**What the task requires:**
Once the line holding "Hunza G Logo cotton terry zip-up hoodie" appears, repeat it and each line after it to the end of the data, exactly and with nothing else; pictures stay out.

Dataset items
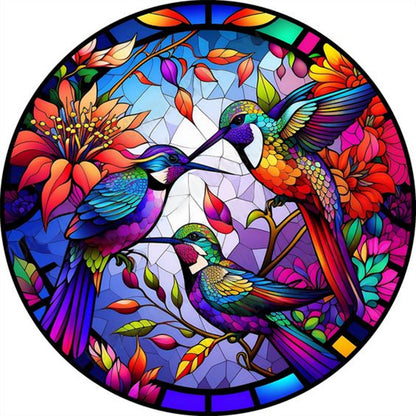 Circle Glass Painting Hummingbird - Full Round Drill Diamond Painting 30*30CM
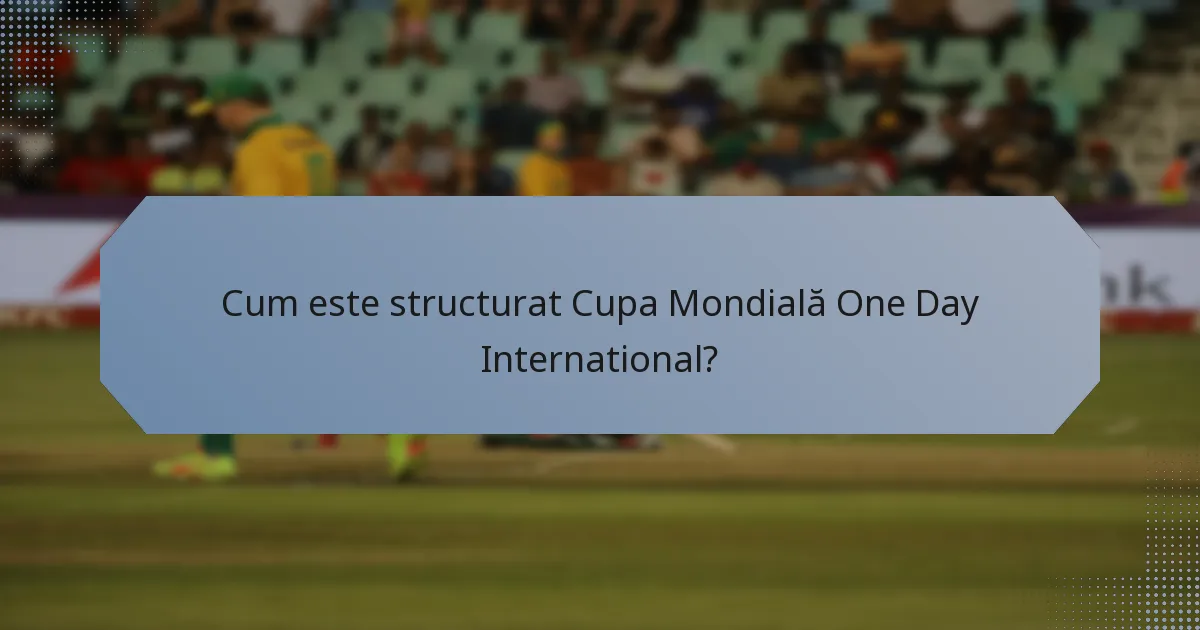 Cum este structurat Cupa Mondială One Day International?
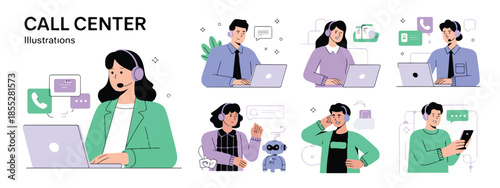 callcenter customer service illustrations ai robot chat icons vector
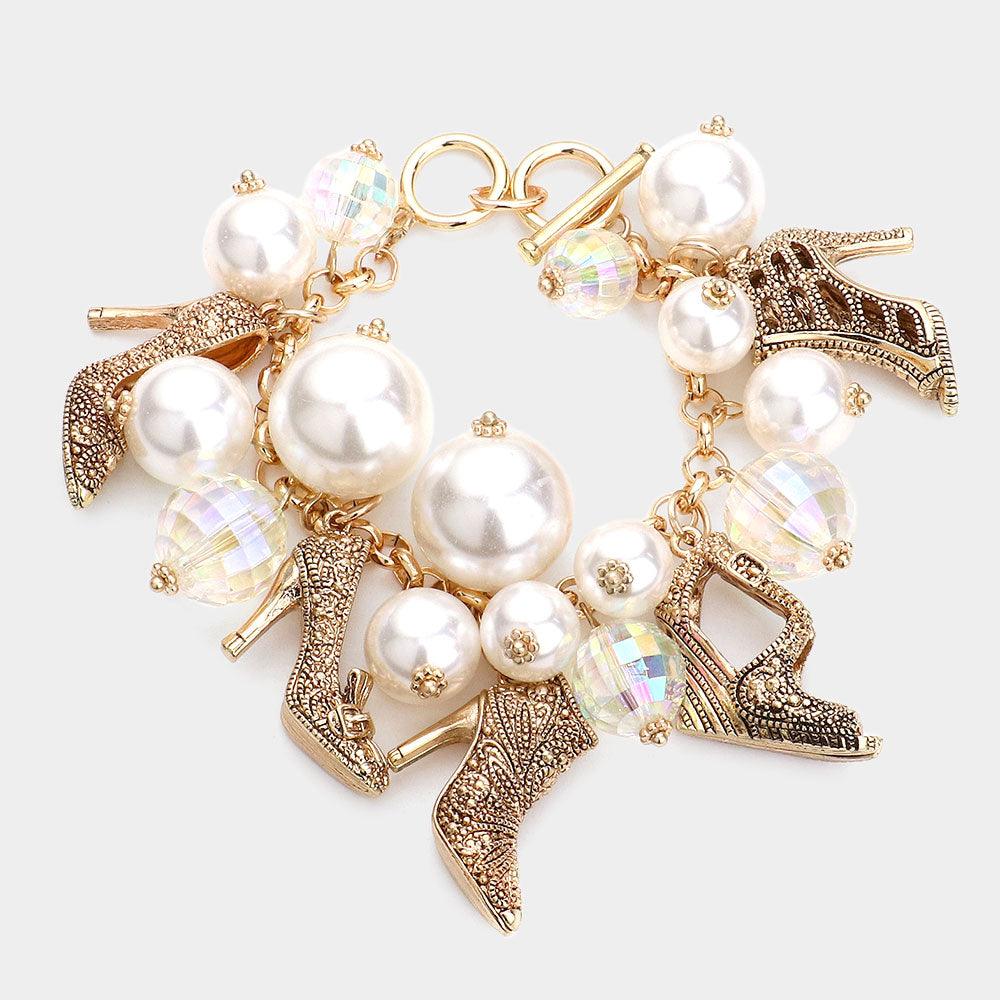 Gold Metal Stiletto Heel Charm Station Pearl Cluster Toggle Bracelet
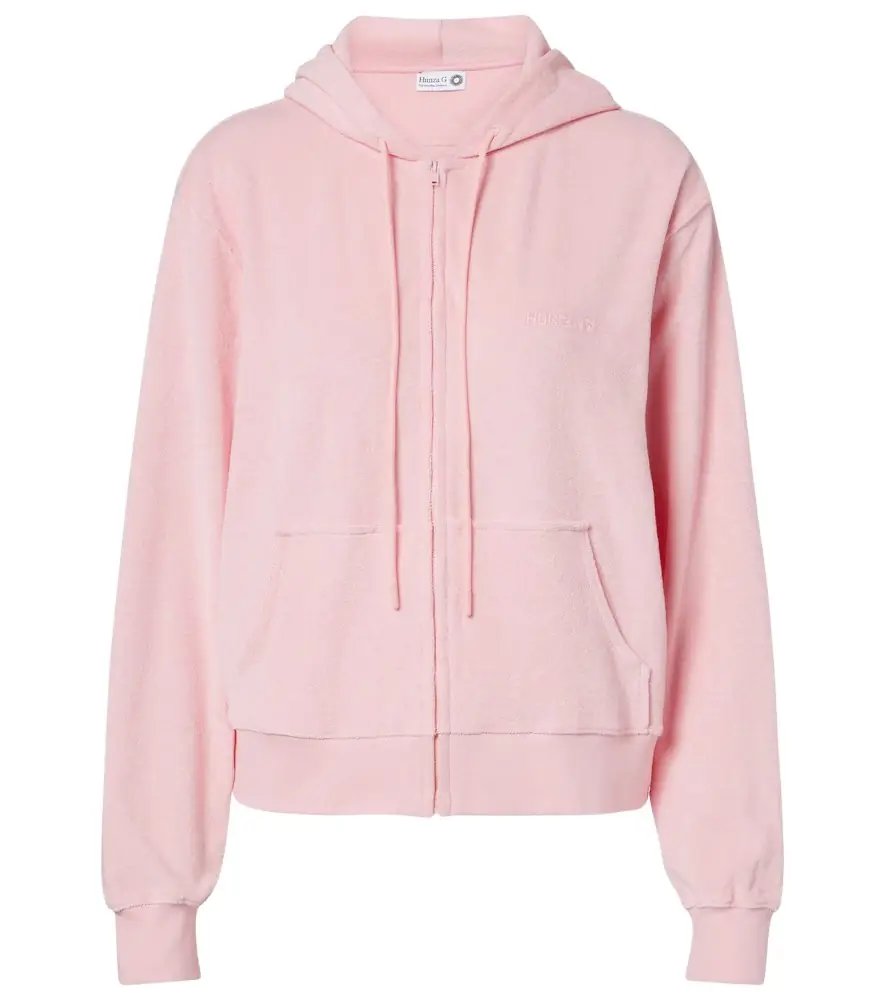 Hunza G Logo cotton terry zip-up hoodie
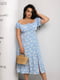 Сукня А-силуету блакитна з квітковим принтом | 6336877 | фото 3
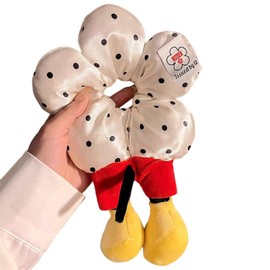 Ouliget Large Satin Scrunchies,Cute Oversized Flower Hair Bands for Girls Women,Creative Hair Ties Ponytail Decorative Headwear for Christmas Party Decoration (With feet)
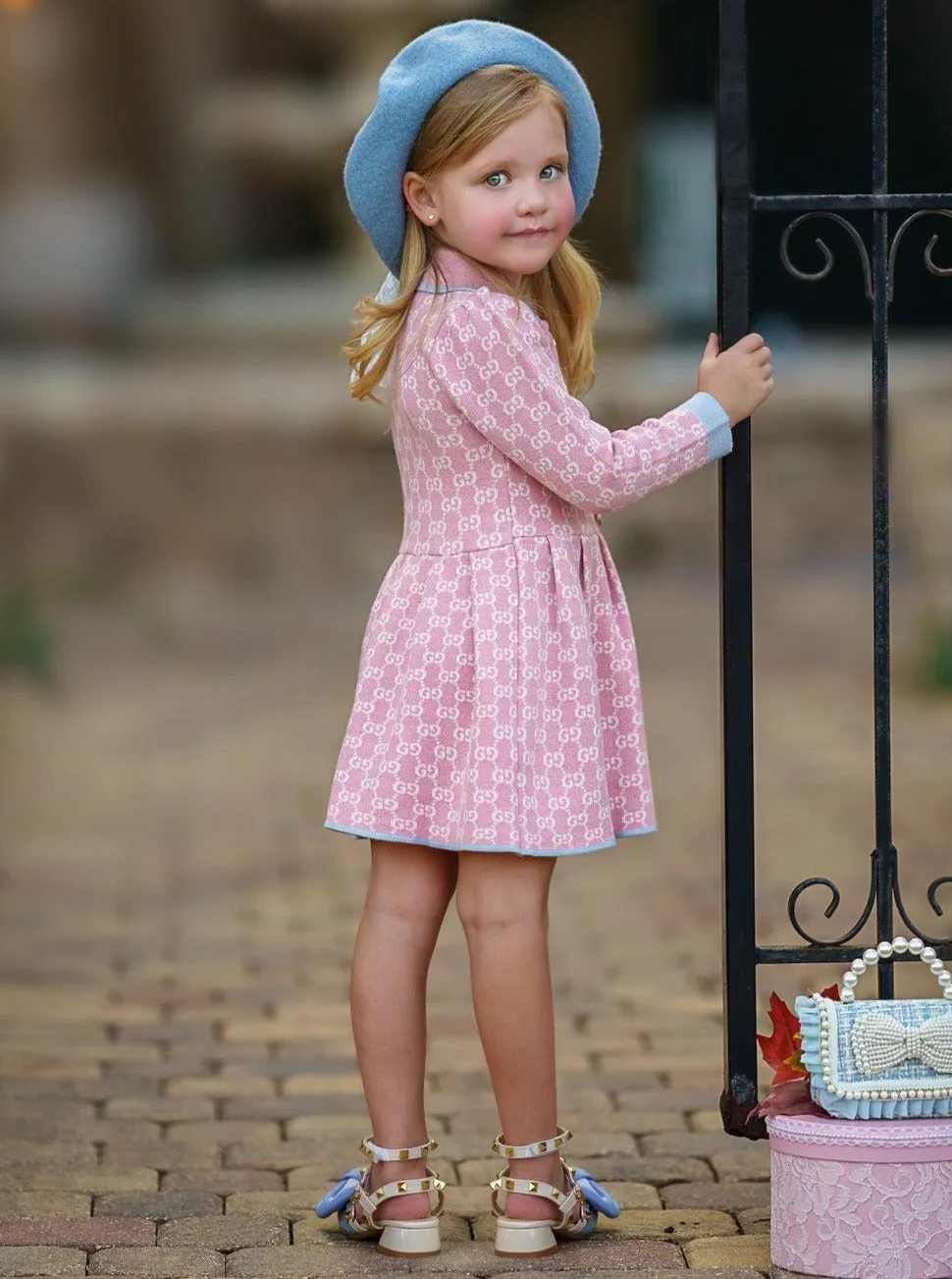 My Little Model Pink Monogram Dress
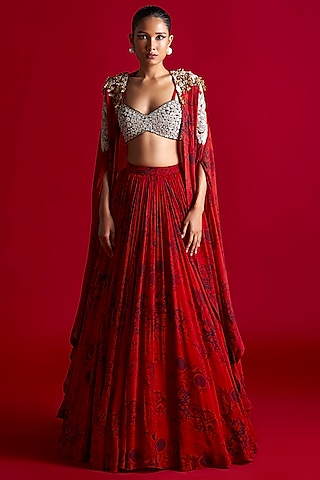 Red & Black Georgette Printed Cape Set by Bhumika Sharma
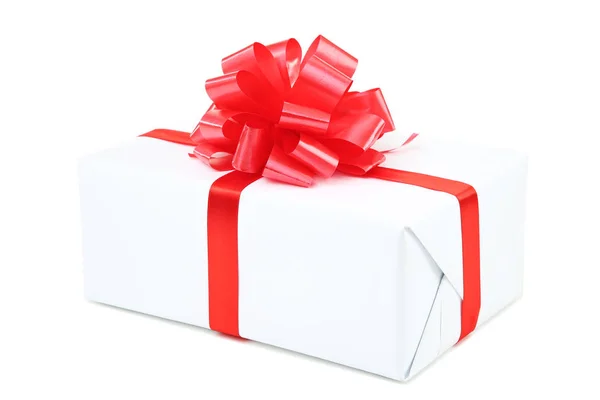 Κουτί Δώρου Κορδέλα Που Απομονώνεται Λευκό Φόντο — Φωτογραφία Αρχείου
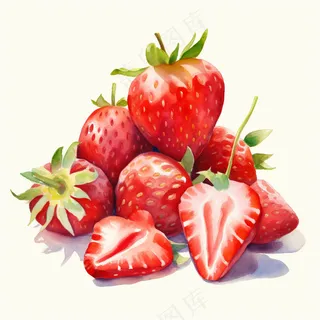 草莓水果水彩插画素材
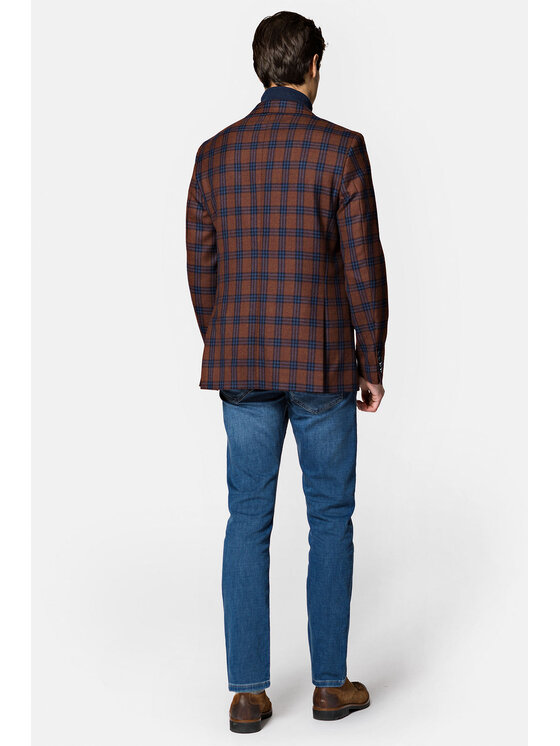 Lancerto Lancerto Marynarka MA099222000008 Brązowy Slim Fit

**Answer for this exercise:**
 Hunza G Logo cotton terry zip-up hoodie
 Сукня А-силуету блакитна з квітковим принтом | 6336877 | фото 3
 Ouliget Large Satin Scrunchies,Cute Oversized Flower Hair Bands for Girls Women,Creative Hair Ties Ponytail Decorative Headwear for Christmas Party Decoration (With feet)
 My Little Model Pink Monogram Dress
 Red & Black Georgette Printed Cape Set by Bhumika Sharma
 Κουτί Δώρου Κορδέλα Που Απομονώνεται Λευκό Φόντο — Φωτογραφία Αρχείου
 草莓水果水彩插画素材
 Lancerto Lancerto Marynarka MA099222000008 Brązowy Slim Fit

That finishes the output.